## PROVIDED RECORDS:
Segment Open
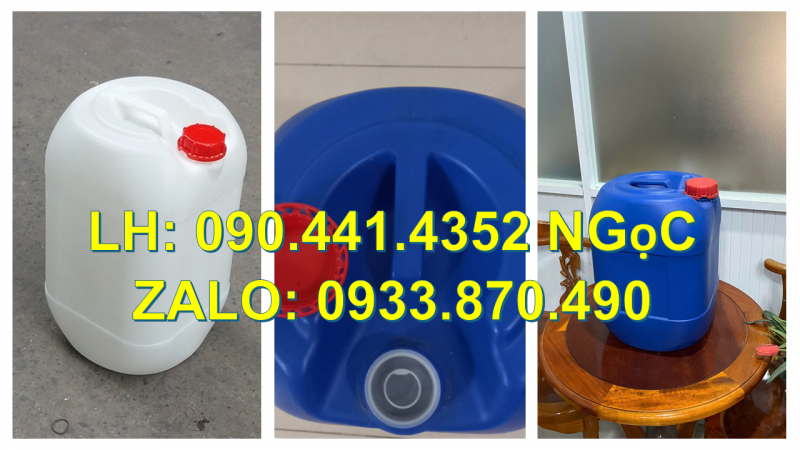 Thùng nhựa 25 lít đựng javel, can nhựa 30 lít vuông đựng hóa chất nồng độ cao 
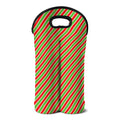 Xmas Candy Cane Stripes Print Double Neoprene Wine Tote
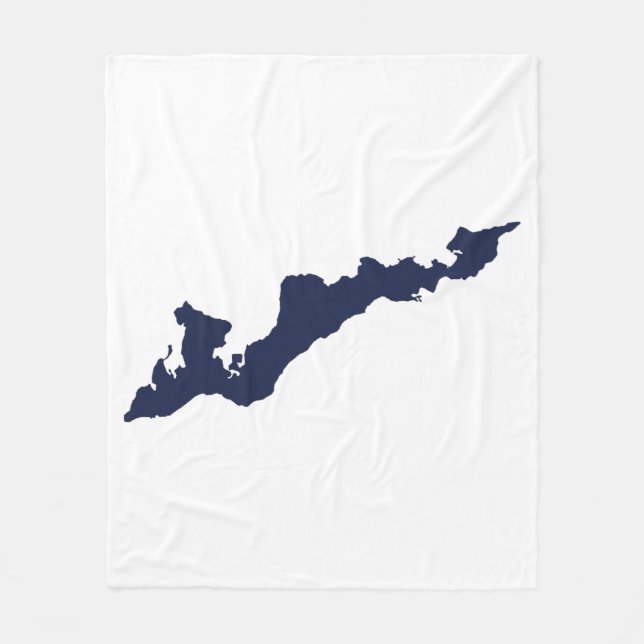 Fishers Island Fleece Blanket – Blue/White – Solo (Vorderseite)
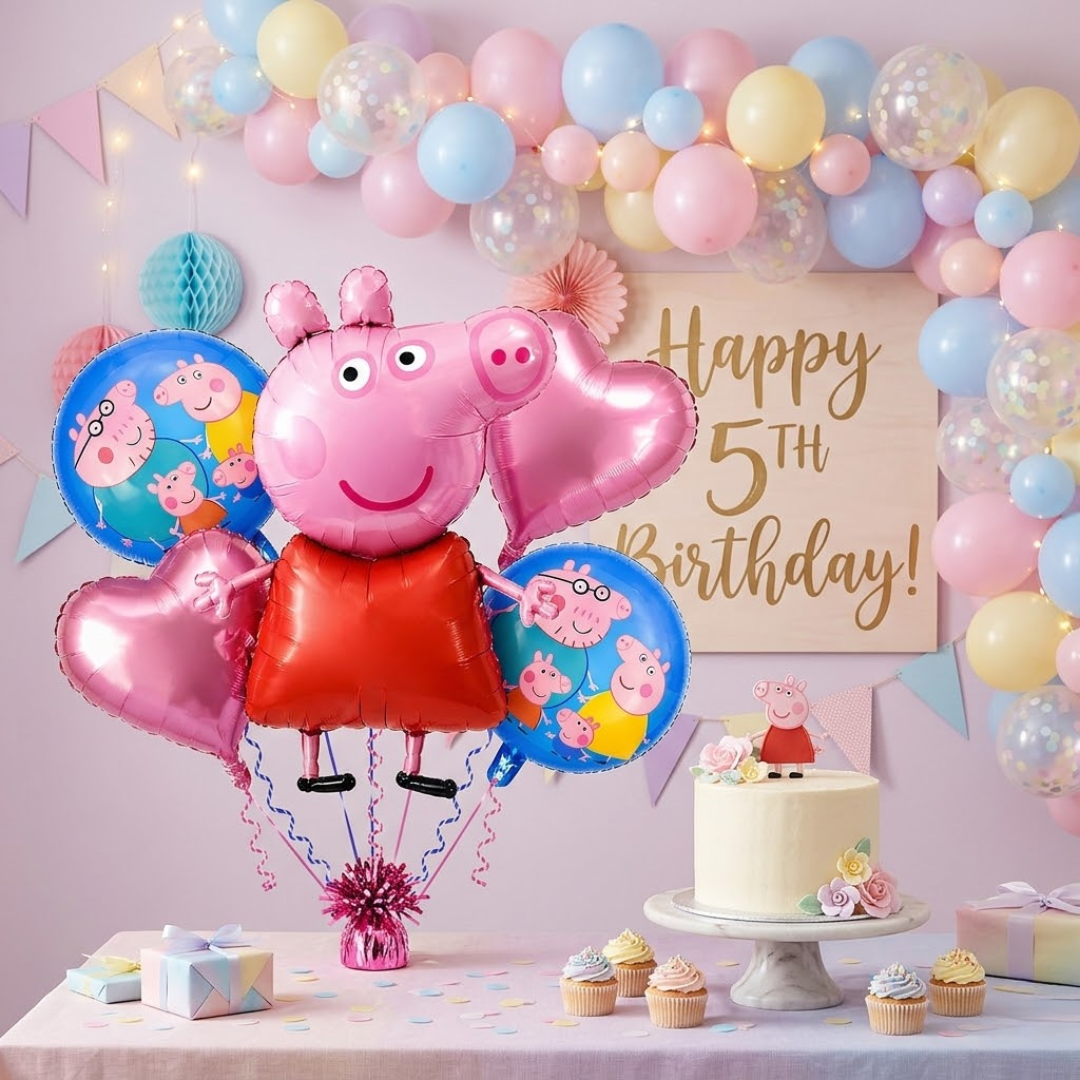 Oink Oink - Muddy Peppa Pig Helium Fiilled Balloon Bouquet Set of 5PC| Pre-Inflated & Delivered | Party Decoration
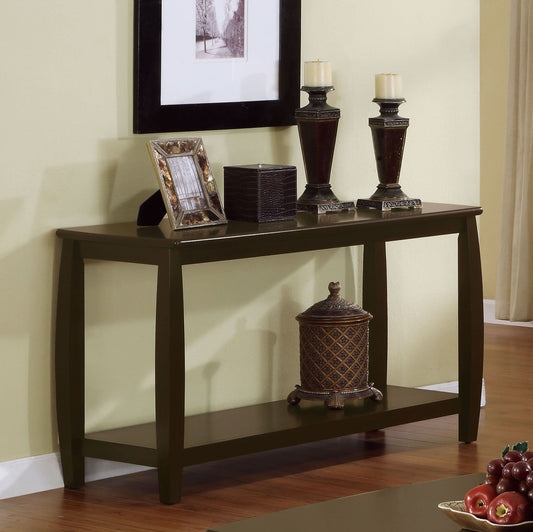 Dixon Wood Entryway Console Table with Shelf Cappuccino - Walo Furniture 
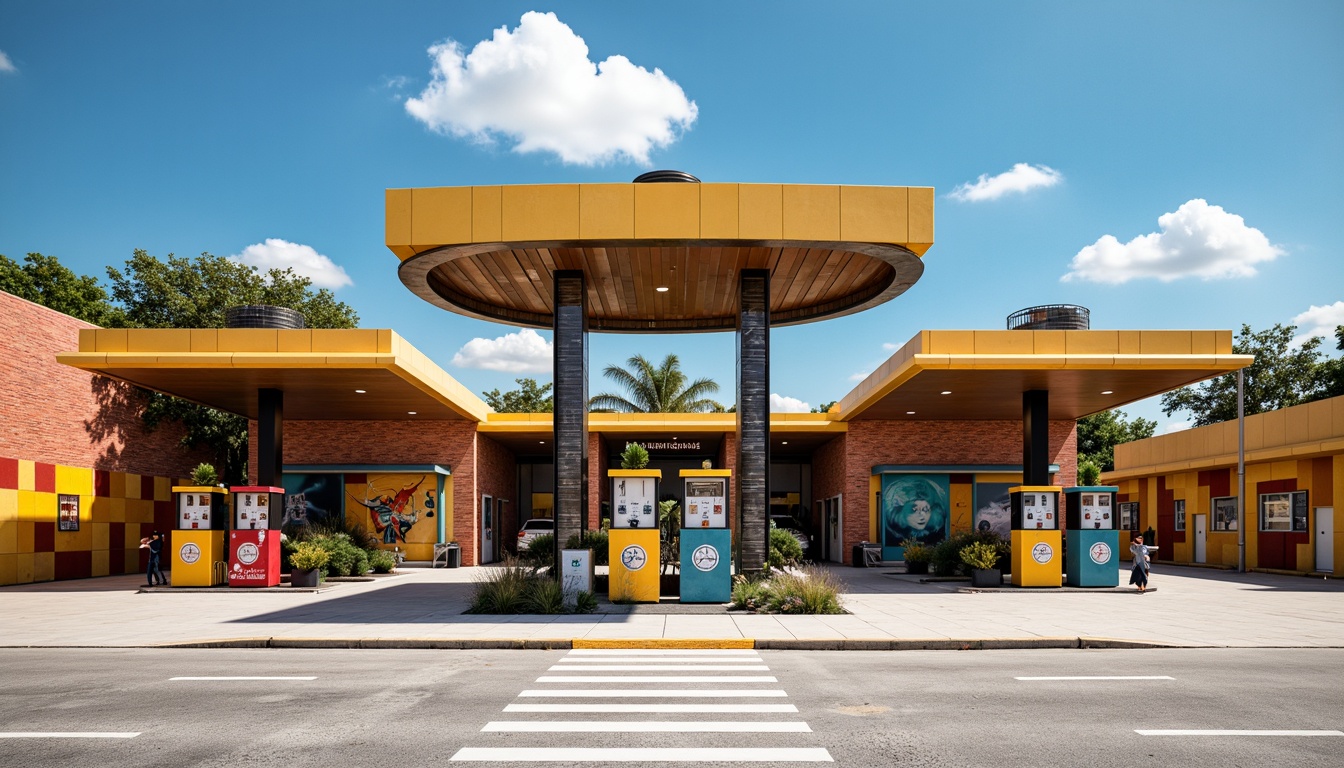 Prompt: Vibrant gas station, bold geometric shapes, primary color scheme, contrasting black and white accents, functional industrial pipes, sleek metal canopies, minimalist typography, circular signage, retro-futuristic feel, bright sunny day, high-contrast lighting, deep shadows, 1/1 composition, central symmetry, graphic patterns, bold stripes, modernist architecture, industrial materials, distressed concrete walls, polished steel surfaces, abstract art-inspired murals.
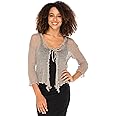 Back From Bali Womens Sheer Shrug Cardigan Sweater Ruffle Lightweight Knit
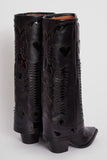 Breakj New 2023 Thick Heel Boots Color Show Western Boots Women's Full Cowhide Plus Size Martin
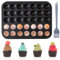 Kytpyi Stampo Muffin, Teglia Muffin, 35 * 26,5 * 2cm Acciaio al Carbonio Stampi per Muffin Anti-aderente Anti Ruggine con 1 Pennello Cucina Silicone, Stampo per Muffin Cupcake Budino Brownies(Nero)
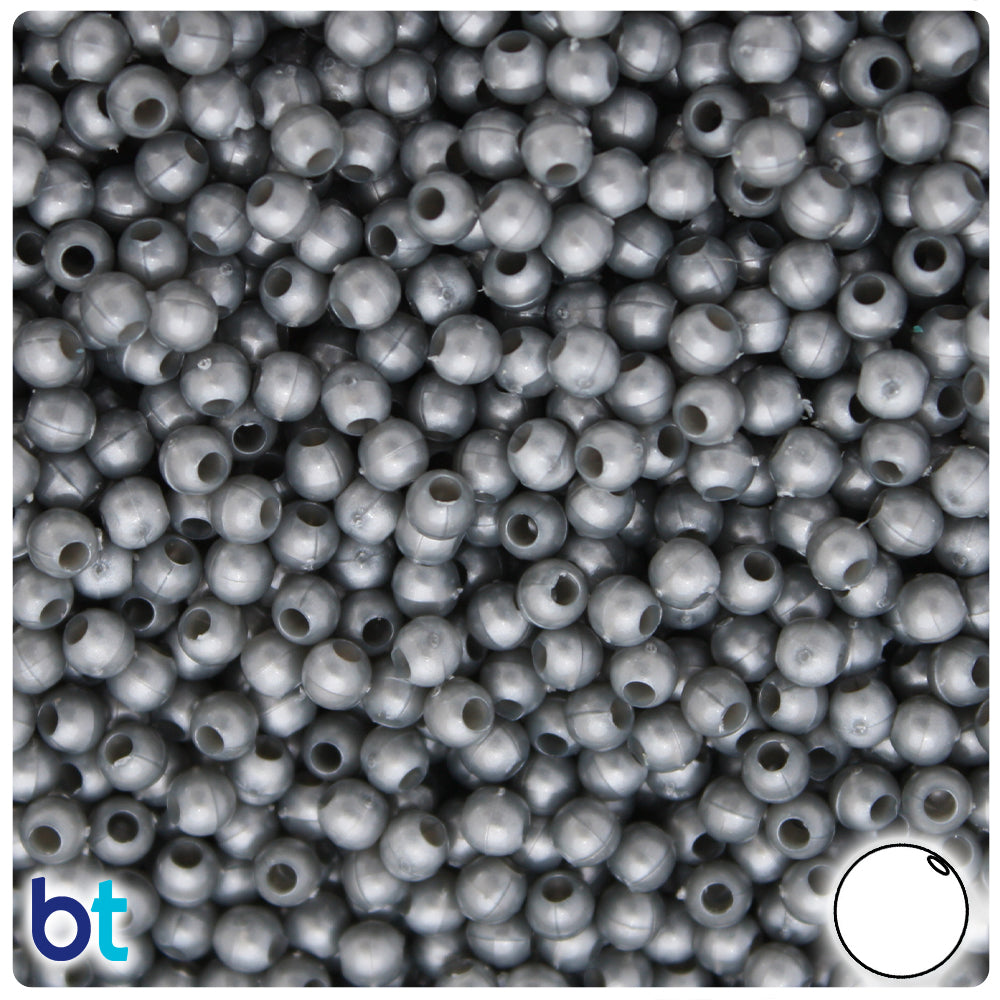 Grey Pearl 4mm Round Plastic Beads (1000pcs)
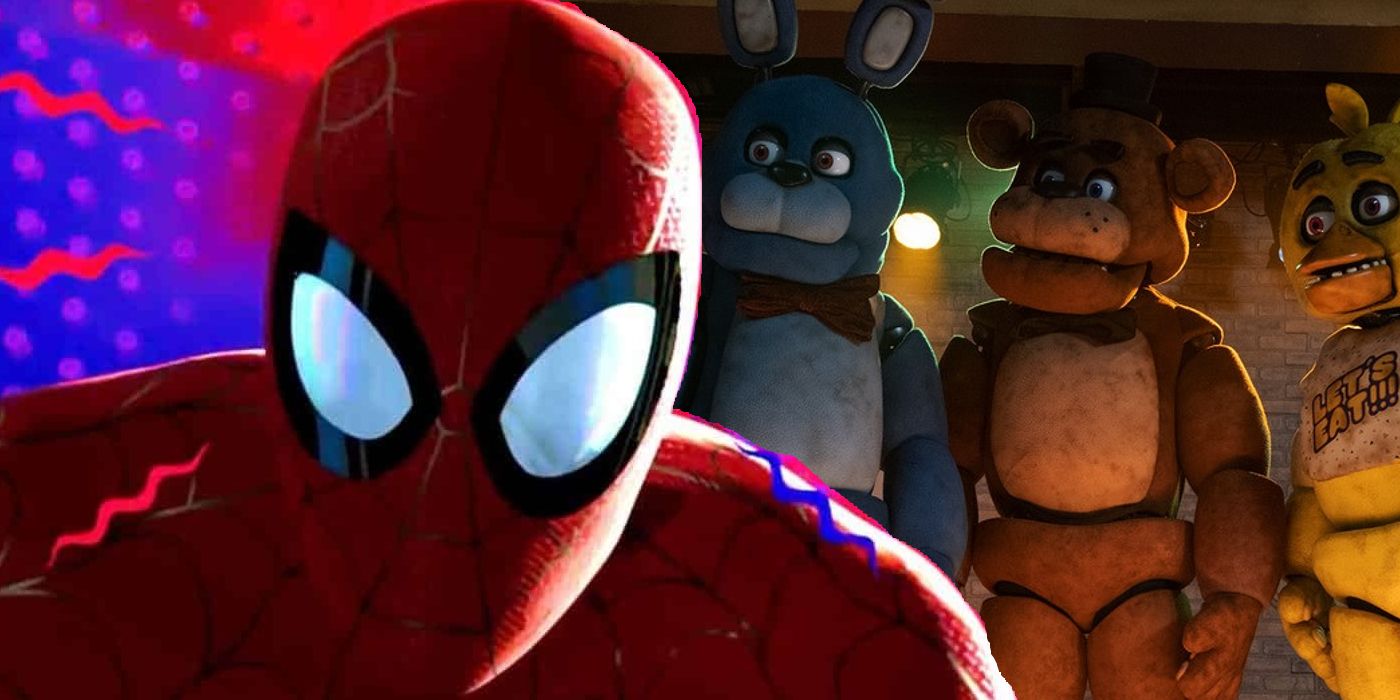 Spider-Man and the animatronics from Five Nights at Freddy's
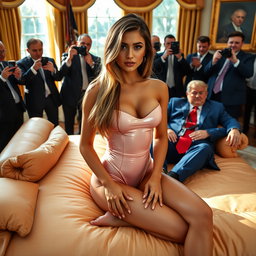 In the iconic Oval Office, an 18-year-old Arabic woman exudes beauty as she sits elegantly on a luxurious bed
Segment Closed
## PROBLEM TO WORK ON:
Set down every entry above again exactly, dropping each picture.

## WRITTEN RESPONSE:
 Thùng nhựa 25 lít đựng javel, can nhựa 30 lít vuông đựng hóa chất nồng độ cao 
 Xmas Candy Cane Stripes Print Double Neoprene Wine Tote
 Fishers Island Fleece Blanket – Blue/White – Solo (Vorderseite)
 Oink Oink - Muddy Peppa Pig Helium Fiilled Balloon Bouquet Set of 5PC| Pre-Inflated & Delivered | Party Decoration
 Dixon Wood Entryway Console Table with Shelf Cappuccino - Walo Furniture 
 Prompt: Vibrant gas station, bold geometric shapes, primary color scheme, contrasting black and white accents, functional industrial pipes, sleek metal canopies, minimalist typography, circular signage, retro-futuristic feel, bright sunny day, high-contrast lighting, deep shadows, 1/1 composition, central symmetry, graphic patterns, bold stripes, modernist architecture, industrial materials, distressed concrete walls, polished steel surfaces, abstract art-inspired murals.
 Back From Bali Womens Sheer Shrug Cardigan Sweater Ruffle Lightweight Knit
 Breakj New 2023 Thick Heel Boots Color Show Western Boots Women's Full Cowhide Plus Size Martin
 Kytpyi Stampo Muffin, Teglia Muffin, 35 * 26,5 * 2cm Acciaio al Carbonio Stampi per Muffin Anti-aderente Anti Ruggine con 1 Pennello Cucina Silicone, Stampo per Muffin Cupcake Budino Brownies(Nero)
 Grey Pearl 4mm Round Plastic Beads (1000pcs)
 Spider-Man and the animatronics from Five Nights at Freddy's
 In the iconic Oval Office, an 18-year-old Arabic woman exudes beauty as she sits elegantly on a luxurious bed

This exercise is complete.